[[ Data records open ]]

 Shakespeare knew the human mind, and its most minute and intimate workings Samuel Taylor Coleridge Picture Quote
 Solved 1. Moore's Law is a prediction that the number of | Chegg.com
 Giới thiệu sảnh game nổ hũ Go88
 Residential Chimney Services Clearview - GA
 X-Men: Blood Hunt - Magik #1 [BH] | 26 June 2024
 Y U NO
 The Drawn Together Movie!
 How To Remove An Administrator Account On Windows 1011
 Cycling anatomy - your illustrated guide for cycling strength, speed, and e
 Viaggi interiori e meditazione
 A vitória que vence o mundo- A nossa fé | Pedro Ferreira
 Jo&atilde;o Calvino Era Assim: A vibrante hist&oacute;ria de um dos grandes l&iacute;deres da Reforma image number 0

[[ Data records closed ]]

Task prompt
Exact copies of every record are required, so retype them in full.

Answer to this problem
 Shakespeare knew the human mind, and its most minute and intimate workings Samuel Taylor Coleridge Picture Quote
 Solved 1. Moore's Law is a prediction that the number of | Chegg.com
 Giới thiệu sảnh game nổ hũ Go88
 Residential Chimney Services Clearview - GA
 X-Men: Blood Hunt - Magik #1 [BH] | 26 June 2024
 Y U NO
 The Drawn Together Movie!
 How To Remove An Administrator Account On Windows 1011
 Cycling anatomy - your illustrated guide for cycling strength, speed, and e
 Viaggi interiori e meditazione
 A vitória que vence o mundo- A nossa fé | Pedro Ferreira
 Jo&atilde;o Calvino Era Assim: A vibrante hist&oacute;ria de um dos grandes l&iacute;deres da Reforma image number 0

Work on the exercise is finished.